Himmerlandskoed appreciated Nemco’s experience in setting up complete lines consisting of machines from a variety of equipment suppliers. The main items in the current line are two Vemag systems (one for portioning blocks of minced meat and one for portioning burgers), a Carso denester, Sealpac traysealer, and an ELS (www.european-labelling-system.de) labeling system. The line was designed in such a way that the portioning systems for minced meat and fresh burgers can easily be exchanged.
“Working with Nemco meant that everything was arranged centrally by them,” says Andersen. “We would never have been able to do this ourselves.”
Nemco fully supported the installation of the minced meat line, including training of the operators. A challenge in designing the line was limited space, says Andersen. “In the end we came up with a process that requires 90 degree turning of the trays twice. At the start of production, these corners proved to be a limiting factor when running large orders at high speeds. Nemco came over to fine-tune those critical areas and installed a simple pushing device that gave us a 50% boost in production.”
Other changes made by Nemco as Himmerlandskoed went through the learning curve of the installation included an online gas mixer that was bought to replace pre-mixed gas tanks. Nemco is also looking at reducing the time it takes fto change both top film and labels. Furthermore, Himmerlandskoed is considering the installation of a conveyor to have the freshly minced meat directly transported to the packaging line, instead of pushing trolleys from one production area to the other.
The firm produces 3-kg (6.61-lb) trays for Danish wholesalers aiming at restaurants, office kitchens, and canteens. Both minced meat and fresh burgers are supplied in this gastro tray, which measures 325 x 265 mm (12.8 x 10.45”). In addition, the company packs minced meat in trays of 500 g (1.63 oz) for retailers. Here, the standard in Denmark (as well as in various surrounding countries) is the 190 x 144 mm (7.5 x 5.67”) tray. Both tray sizes are sealed with Sealpac’s unique InsideCut system, ensuring a perfect pack presentation whilst minimizing film usage at the same time.

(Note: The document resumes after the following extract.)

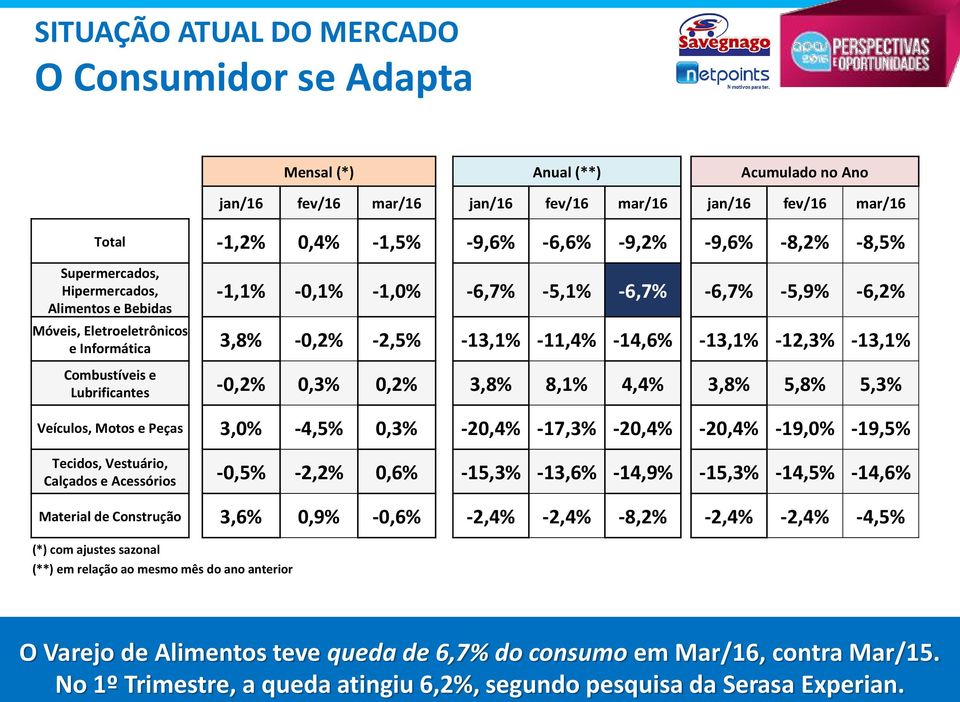 -13,1% -12,3% -13,1% Combustíveis e Lubrificantes -0,2% 0,3% 0,2% 3,8% 8,1% 4,4% 3,8% 5,8% 5,3% Veículos, Motos e Peças 3,0% -4,5% 0,3% -20,4% -17,3% -20,4% -20,4% -19,0% -19,5% Tecidos, Vestuário,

By using a common gas mix of 80% O2 and 20% CO2, Himmerlandskoed’s shelf life is eight days after production. “As the mincing of the freshly deboned meat takes place in our factory without the use of additives, our raw material is as fresh as it can be,” says Andersen. “This makes Himmerlandskoed stand out in an otherwise price-driven market segment. Or as our logo states: The best bite of Denmark!”
Although there are discussions within the Danish industry about easy opening of fresh meat packs, most of these packs are still supplied without a peel tab. Andersen says he’s staying on top of this issue as it develops. One change he does anticipate is a transition from black trays to transparent trays. “It gives consumers a clear view of the product,” he observes. He also anticipates growth in vacuum skin packaging for some fresh meat products. It allows for vertical presentation at retail. Minced meat, however, will most likely remain a market for modified atmosphere packaging, he adds.
A very important issue at Himmerlandskoed is traceability. Each of its meat packs has a 2D bar code printed on its pressure-sensitive label. The printing is done by an Easy Coder PX41 from Intermec. Consumers can scan it by means of their smart phones. It will lead them to a website, where they can read the full history of the meat inside the pack. This includes the origin of the animal, the location where it was deboned, and the carbon footprint for producing the pack.
“We want to stay ahead of the domestic meat market and will continuously search for the latest sustainable technologies,” says Andersen. “As an example, we would like to reduce the price for packing our trimmings in shrink bags by moving to fully automated shrink packaging on a thermoformer. Here, too, Nemco and Sealpac will be able to help us out with the right solution.”